Just the other day I saw a news story about the province of Nova Scotia considering making organ donation upon death the norm unless a person specifically chooses to opt out. Canada is nowhere near the top of the list of countries with the highest organ donor rates in the world. Spain is on top and the US is ahead as well.
I know this is a complicated issue and I am sensitive to it, on both sides. I don’t have the easy answers here. I wish I did. Some say that proposed suggestion is a civil rights infringement. I can see where they are coming from, of course I can.
April is Organ and Tissue Donation Month and this past week was National Organ and Tissue Donor Awareness Week
If you’re having a hard time keeping that all straight, you’re not alone. I find it difficult when just about every day, week, and month represent some organization or important cause of some kind. It’s definitely necessary, but with all the causes needing their own dates to help bring awareness to the issues, the calendar fills up quickly.
This is most important to me, obviously, because of how necessary organ donation has been for my family. I am determined to use this blog as a platform to discuss these things and to help spread the word. Without the internet and social media it wouldn’t be this easy for me to do. I can write, but it doesn’t help anybody if people don’t get the chance to read it.
I was used to the way we’d done it. As a child I didn’t think twice about my parent’s choices. Of course I was nervous for them when they went in for surgery, putting their lives at risk, small comparatively, but still present. I worried for them and held my breath until they were both out of surgery and recovered. Really though they were adults and I was the child. They were the parents. There was no question.
When it became reality, as an adult, that my baby brother (even if he was in his twenties) would be depending on the organ donor list the second time around, a whole new reality formed around the situation. I had no idea how I would handle the feelings and fears that go along with the transplant list.
The wait and the uncertainty were the first things, but that would fade away the moment I realized he was getting his chance.
It felt like ages, for him more than me, that he was on dialysis this time, but really it was only three years. I say only, but dialysis can become awfully tedious when it goes on day after day, month after month. For those who are on dialysis for extended periods of time, years and years, it becomes routine, just one more thing you do, like brushing your teeth, going to work or school, or cleaning the bathroom. Sure, it’s unpleasant, but the alternative is unimaginable.

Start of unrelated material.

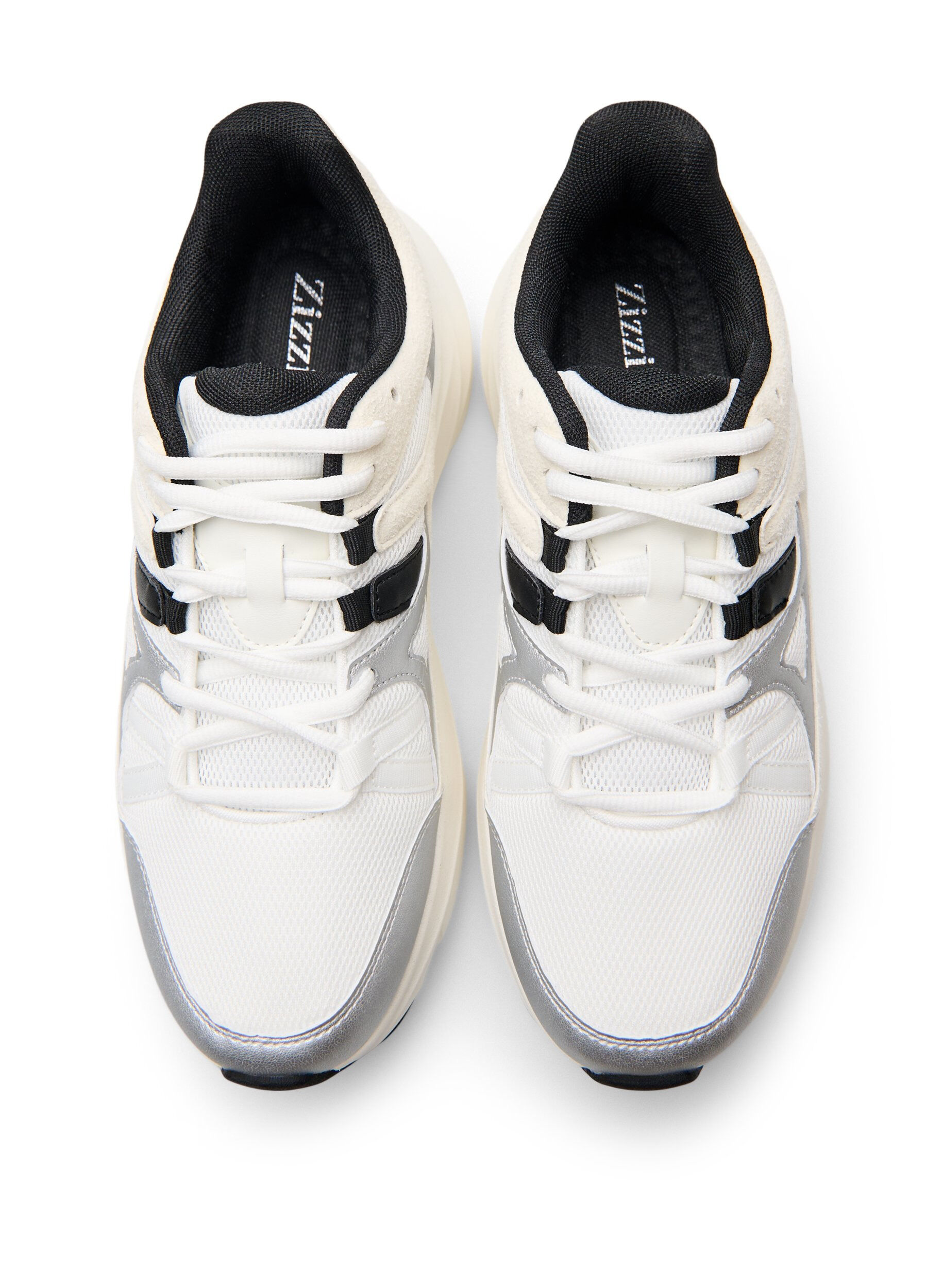 Zizzi Bequeme Sneakers mit einer sto&szlig;d&auml;mpfenden Sohle, Wei&szlig;, Packshot image number 2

This week will mark one year since the evening I received the call that they contacted him with a kidney. I was exhilarated and anxious and ready to rush off to London to be by his side.
When that call was almost immediately followed up by another to say it was a false alarm, the rush abruptly ended and we were back to waiting.
Within a few months it would happen for real. It went smoothly for the most part, and he has felt 100 percent better ever since.
What I wasn’t prepared for were those feelings of morbid curiosity and sadness for the people also involved, somewhere on the other side. They lost their loved one and would never get to see them again. I felt guilt for that and I felt guilt for feeling guilty. My brother was well again and that was the main thing. I didn’t have to know anything concrete about anyone or anything else. That’s just life I suppose and that’s what I now know firsthand makes these issues anything but black-and-white.
The reality is that people do die and we are able, with modern medical science, to help others in the face of those tragedies. Why wouldn’t we do what we could with that? I don’t know. All I know is that I love my brother and want him to be healthy. That’s the simplest answer I can come up with for the need for more donors. More families deserve a second chance. These issues are complex, staggeringly so. I want to make everyone aware of the reality of organ donation in the hopes of having a discussion. Life is precious, on both sides. I will never stop speaking my mind and telling my story when it comes to organ donation.